Jason shook his head. “They said it was Denise, right? That girl from Lucky’s. Cops got her in holding.”
“Do you remember anything from that night?” Jason asked
Lotus didn’t respond. She just shook her head no.
Because her stomach dropped.
Just looking at the picture made Lotus emotional. It shook her into her core
She remembered something else though.
Not a woman. Not Denise.
A man.
In the driver’s seat.
A familiar figure.
Her breath caught. Her chest tightened.
She wanted to speak, to tell them, but her mind whispered maybe it was trauma.
Maybe her brain filled in blanks.
Or maybe it didn’t.
She didn’t argue. Didn’t try.
Instead, she stared up at the ceiling as voices around her faded into background buzz.

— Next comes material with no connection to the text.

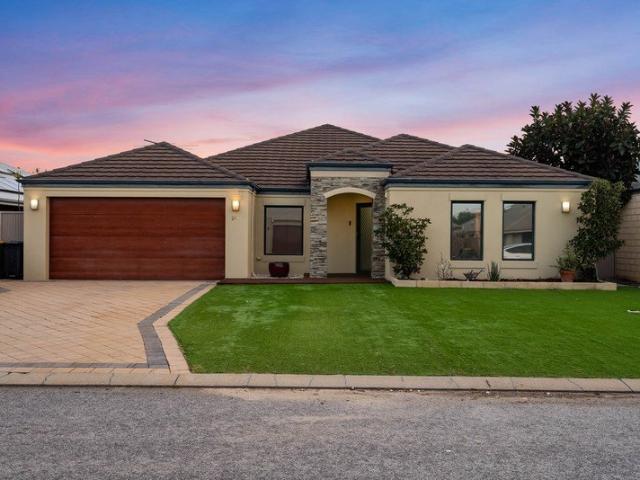 TOP LOCATION! SPACE, STYLE, AND CONVENIENCE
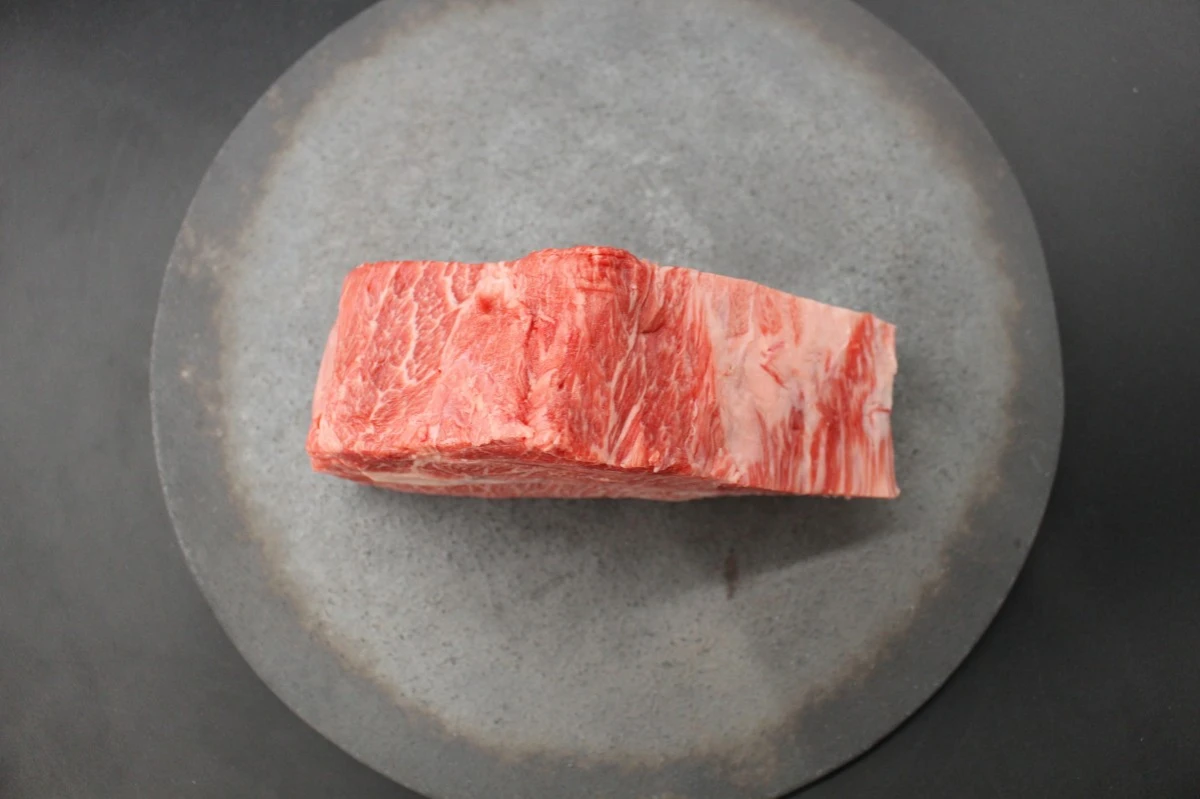 【現品限り】近江牛ミスジ塊肉 492g【希少部位】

That could’ve been it. The end.
And she hadn’t even lived.
She had spent her life Being the strong one ,holding people down. Paying bills. Picking up broken pieces. Stretching herself thin until she disappeared.
She was the one who carried it all without complaint, without collapse.
But that picture and her state cause an emotion that felt new …For the first time, she felt a vulnerability she didn’t even recognize in herself. A kind of soft break inside her bones. She felt weak, stripped of control, like the weight she carried finally slipped and she had nothing to hold it up with. And in that moment, all she wished was that people could just see her state for what it was without her performing, without her explaining. To be taken into consideration as she was, raw and undone.
She wanted a place where it was safe to collapse, safe to let the fight drain out of her body, safe to not be the strong one. That one small kindness cracked the mask she’d been wearing for years, the armor she thought was permanent. It wasn’t the words, it wasn’t even the act—it was the rare truth behind it.
She needed someone to carry her.
Not guilt.
Not more responsibility.
Just grace.
Just rest.
But even now, fresh out of trauma, everybody still looked at her like she was the power source like she wasn’t allowed to break.
And the cruelest part?
She knew if she did, even for a second, everything would fall apart.
So she stayed in the cycle.
Not because she had anything left to give,
but because she was the only one who knew how to keep the house from collapsing.
The crash didn’t kill her.
But it shook the mask off.
That night, Lotus didn’t sleep.
Not from pain.
But because she was having a wake up call that it is time to live for her.
From that time forth her real life had just begun.